» **DATA**:

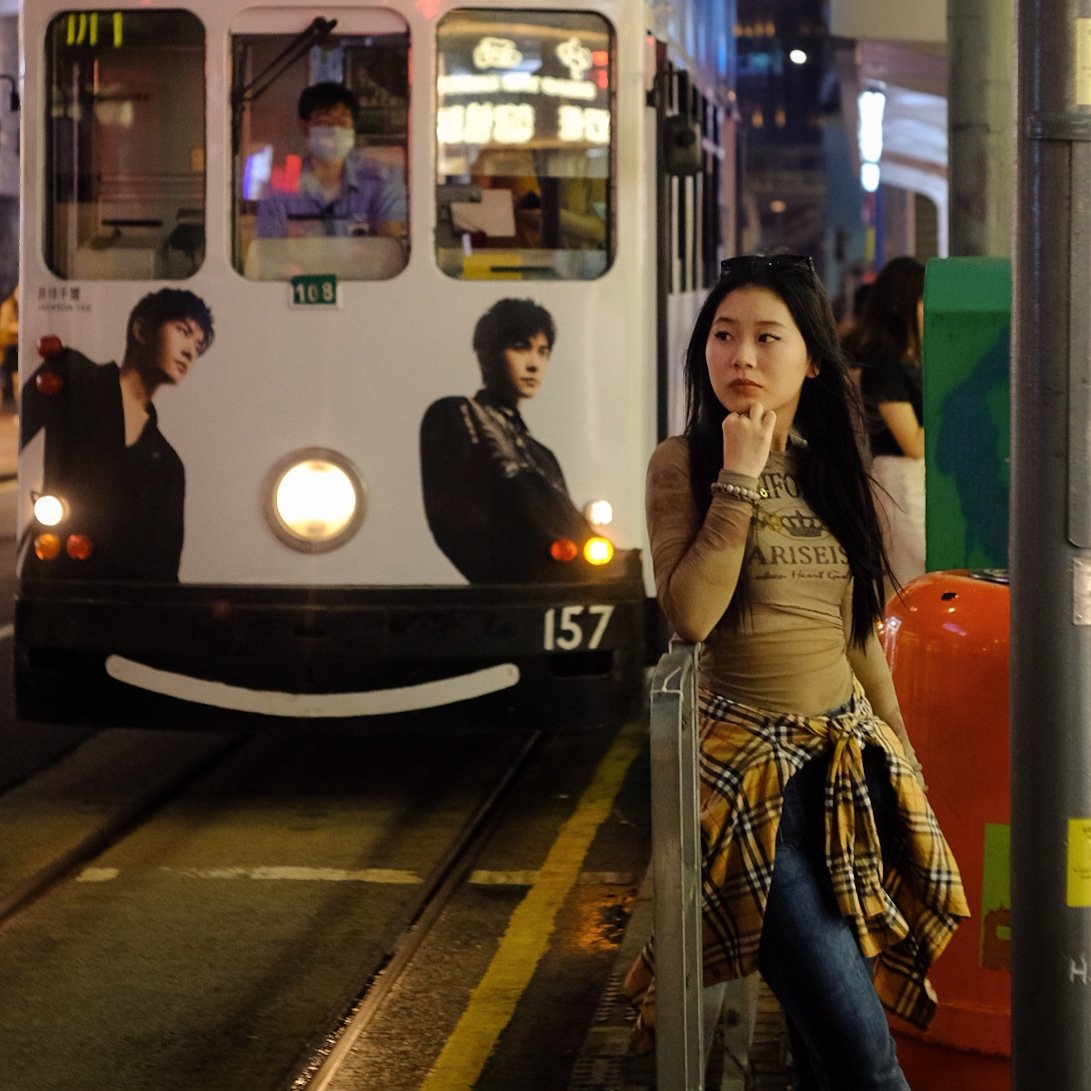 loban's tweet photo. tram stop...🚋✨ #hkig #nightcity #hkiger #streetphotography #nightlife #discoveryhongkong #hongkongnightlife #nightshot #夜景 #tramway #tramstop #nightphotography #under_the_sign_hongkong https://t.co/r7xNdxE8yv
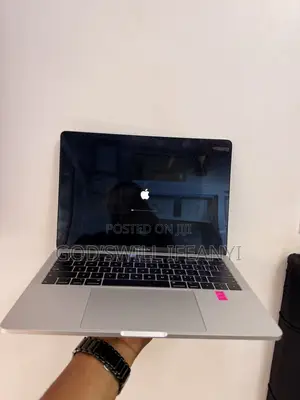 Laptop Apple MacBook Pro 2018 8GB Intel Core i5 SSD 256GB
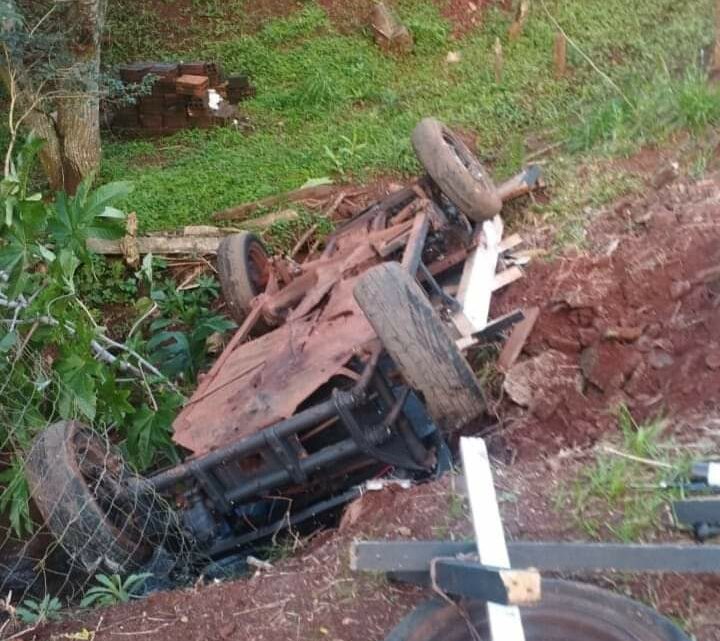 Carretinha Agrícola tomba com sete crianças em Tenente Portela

» **WORK REQUIRED**: Drop every picture from the data, then output all the rest exactly.

» **TASK RESULT**:
 loban's tweet photo. tram stop...🚋✨ #hkig #nightcity #hkiger #streetphotography #nightlife #discoveryhongkong #hongkongnightlife #nightshot #夜景 #tramway #tramstop #nightphotography #under_the_sign_hongkong https://t.co/r7xNdxE8yv
 Laptop Apple MacBook Pro 2018 8GB Intel Core i5 SSD 256GB
 Carretinha Agrícola tomba com sete crianças em Tenente Portela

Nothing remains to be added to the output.